Ricardo Salgado constituído arguido por causa de presente de 14 milhões

O antigo presidente do BES já foi constituído arguido no caso Monte Branco. As suspeitas sobre Ricardo Salgado dirão respeito, sobretudo, às transferências de 14 milhões que o antigo banqueiro recebeu do construtor José Guilherme.
Ricardo Salgado constituído arguido por causa de presente de 14 milhões
Miguel Baltazar/Negócios
Maria João Gago 24 de julho de 2014 às 12:05

Ricardo Salgado já foi constituído arguido no caso Monte Branco, que investiga suspeitas de branqueamento de capitais e fraude fiscal. As suspeitas em relação ao antigo presidente do BES recairão, sobretudo, sobre as transferências de 14 milhões de euros que foram feitas pelo construtor José Guilherme para sociedades "offshore" de Salgado e que este justificou como sendo um presente, apurou o Negócios.

 

A constituição do antigo presidente do BES como arguido acontece um ano e meio depois de Salgado ter sido ouvido como testemunha no Departamento Central de Investigação e Acção Penal (DCIAP).
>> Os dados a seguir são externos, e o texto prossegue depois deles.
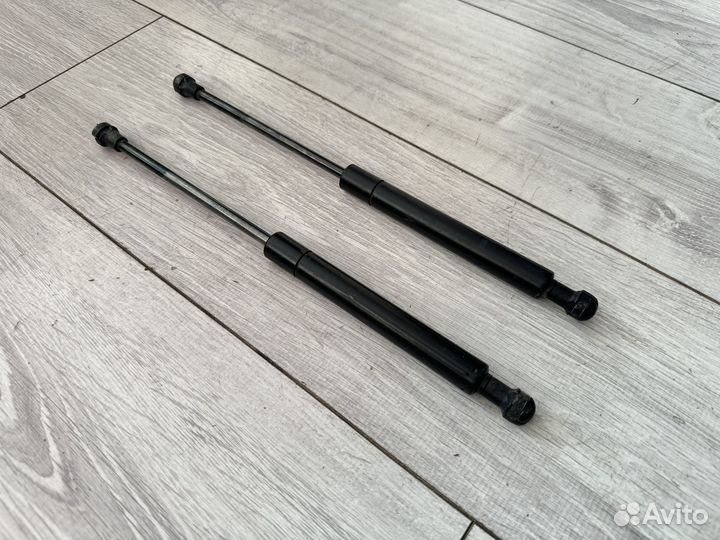 Амортизатор Капота BMW E39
Em Dezembro de 2012, Salgado testemunhou pelo facto de ser cliente da Akoya, a sociedade de gestão de fortunas que está no centro da investigação Monte Branco.

 

Nessa inquirição, o antigo banqueiro explicou a origem dos 8,5 milhões de euros que recebeu no exterior e que o levaram a aderir ao Regime Excepcional de Regularização Tributária de 2012.

 

Desta diligência, Salgado saiu com um despacho do procurador Rosário Teixeira afirmando que "não existem fundamentos" para que o então líder do BES "seja considerado suspeito", que foi divulgado pelo Negócios a 18 de Janeiro de 2013. Isto depois de ter justificado as transferências que recebeu de José Guilherme como um presente do construtor agradecido com o facto de o então banqueiro o ter aconselhado a desistir de investir na Europa de Leste e a optar por apostar em Angola.

 

Esta quinta-feira, 24 de Julho, o antigo líder do BES foi constituído arguido e volta a ter de dar explicações sobre as transferências que recebeu de José Guilherme, desta vez ao juiz Carlos Alexandre e já com o estatuto de arguido. O ex-presidente do BES começou a ser ouvido no Tribunal Central de Instrução Criminal a partir das 10h30, depois de ter sido detido para interrogatório esta manhã.